By Evan Selinger | Let’s face it: Technology and etiquette have been colliding for some time now, and things have finally boiled over if the recent spate of media criticisms is anything to go by. There’s the voicemail, not to be left unless you’re “dying.” There’s the e-mail signoff that we need to “kill.” And then there’s the observation that what was once normal — like asking someone for directions — is now considered “uncivilized.”
Cyber-savvy folks are arguing for such new etiquette rules because in an information-overloaded world, time-wasting communication is not just outdated — it’s rude. But while living according to the gospel of technological efficiency and frictionless sharing is fine as a Silicon Valley innovation ethos, it makes for a downright depressing social ethic.
People like Nick Bilton over at The New York Times Bits blog argue that norms like thank-you messages can cost more in time and efficiency than they are worth. However, such etiquette norms aren’t just about efficiency: They’re actually about building thoughtful and pro-social character.
Take my six-year-old daughter. When she looked at her new iPod Touch (a Chrismukkah gift), she saw it as a divine labor-saving device. Unlike the onerous handwritten thank-you notes she had to do for her birthday, she envisioned instead sending quick thank-you texts to friends and family. Months later, she still doesn’t understand why her parents forbid the shortcut. And she won’t. Not anytime soon.
It’s not because the old can’t learn from the young (to cite Bilton’s inversion of Margaret Mead), but because the old know something that those who speak loudly on behalf of the digital natives ignore: Relationships are fragile, and they require effort to preserve. Shortcuts won’t do; you often have to say more than just the essential facts. Viewing personal communication in overly reductive terms makes tenuous connections even more fragile.
Furthermore, appeals for technologically efficient etiquette and my daughter wanting more time to play share something else in common: the selfish desire to dictate the terms of a relationship.
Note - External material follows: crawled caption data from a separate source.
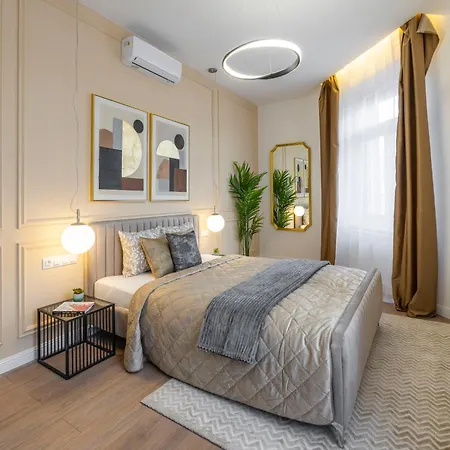 Lägenhet Luxury & Classy With 3bedrm, 2bathrm *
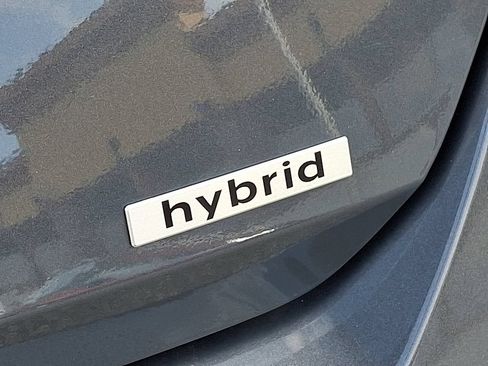 Used 2025 Hyundai Elantra SEL FWD image 31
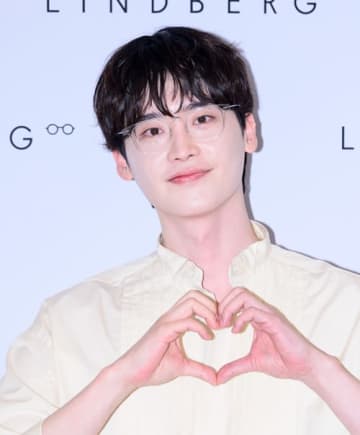 俳優イ・ジョンソク、行動もまさに“王子”…出演ドラマのスタッフに高級ホテルの食事券プレゼント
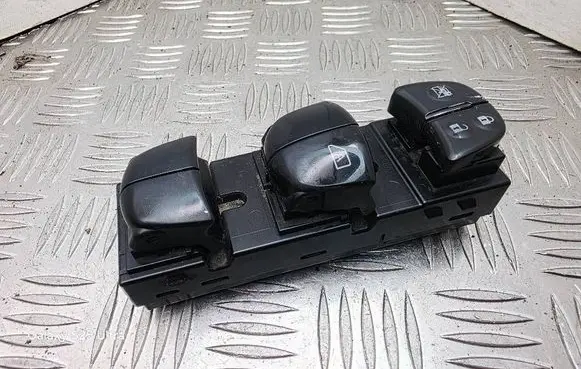 Nissan Juke I F15 Electric window control switch 254011KK0A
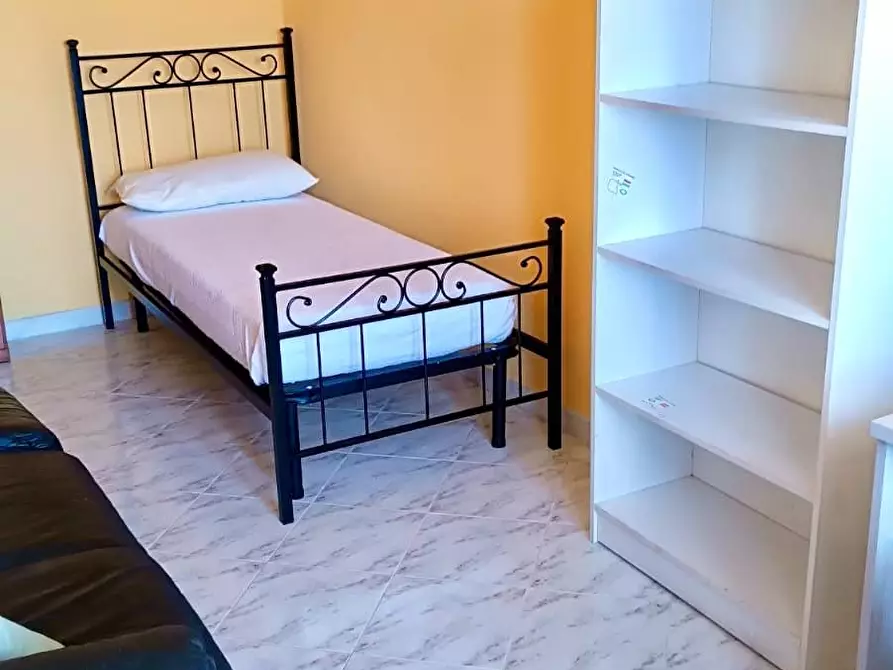 Immagine 18 di Appartamento in affitto  a Siena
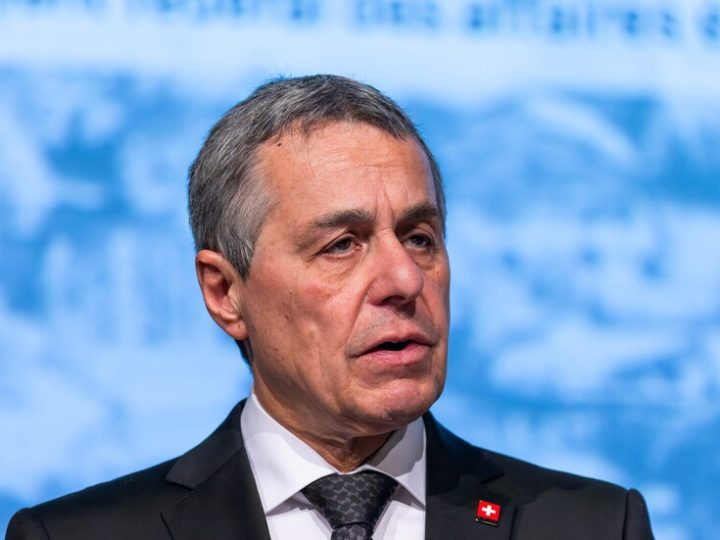 وزير الخارجية السويسري: روسيا تسعى بالفعل للسلام في أوكرانيا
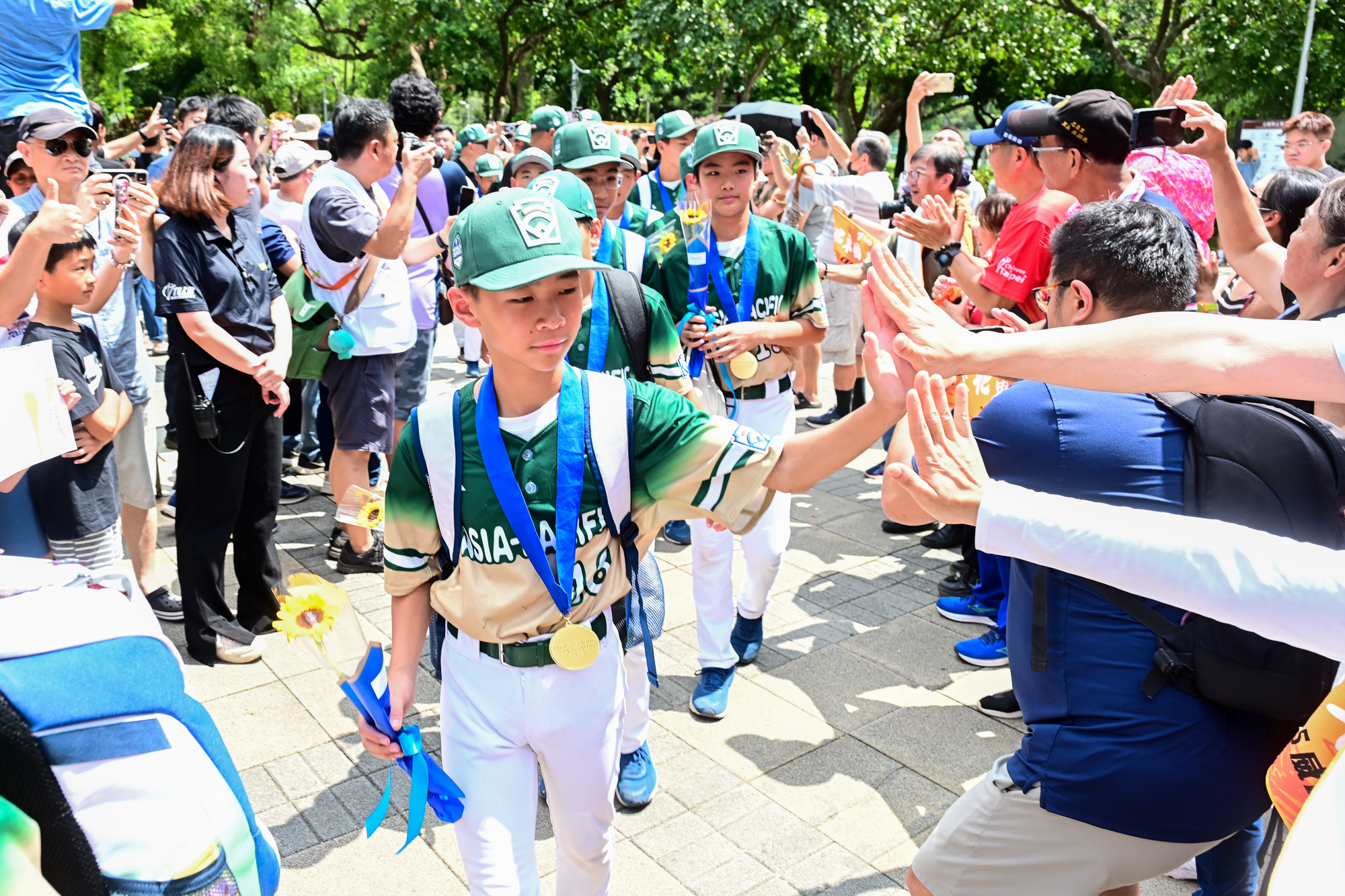 威廉波特少棒》東園國小少棒睽違29年奪冠遊行！　 台北街頭沸騰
My daughter wasn’t thinking about how her grandparents or aunts and uncles would feel. Likewise, while Bilton gives lip service to the fact that people can have different expectations about communication — noting some people would prefer a thank-you text to nothing, that he prefers his mother to tweet to him — his actions convey egoistic priorities. That’s why my daughter isn’t allowed to text her thank-you notes. Her mother and I are trying to combat these me-centered tendencies, which, for all the good social media can do, can be exacerbated in an “about me” / “what are you doing?” status-update world.
Now, about those thank-you notes. Yes, there’s a funny tendency for parents to make a big deal of these, like they’re telegraphing their own parenting skills. A critic might add that I’m just a Luddite who fetishizes handwriting, or who ignores how new media can convey authenticity. But others will recognize that I’m training pro-social behavior and the positive capacities it fosters, such as empathy.
And I do believe that heartfelt, authentic messages can be conveyed in many different mediums and technologies: attentive phone calls, customized digital cards with sentimental Photoshopped images, text messages with thoughtfully choreographed Vine videos, and personalized songs in mp3s are just a few examples. People should choose these and any other means as long as they’re not being quick and thoughtless. Otherwise, we’re sacrificing attention and care for the type of expediency that turns maintaining important relationships into mere to-do-list items.
At stake, then, is the idea that efficiency is the great equalizer. It turns every problem into a waste-reduction scenario, but its logic has a time and a place. Social relations are fundamentally hierarchical, and the primary way we acknowledge importance is through effort. Sending laconic thank-you texts to family treats them no differently than business associates.
In claiming that effort is the currency of care, I’m not suggesting that efficient communication only belongs to instrumental contexts. For example, I encourage my daughter to routinely send short texts to people who are important to her. After all, every exchange can’t be deep or premeditated. A spontaneous “hi” here and “how are you doing?” goes a long way to reminding others that they aren’t alone and remain in our thoughts. But if a grandparent didn’t text, I would consider it incredibly rude and lacking in sympathetic sentiment if my daughter issued an unspoken ultimatum — like Bilton did with his parents — of get-on-my-technology-platform or get frozen out.
The longstanding technological goal of enhancing efficiency serves us well in many cases. But we need to avoid prioritizing it over genuine connectivity.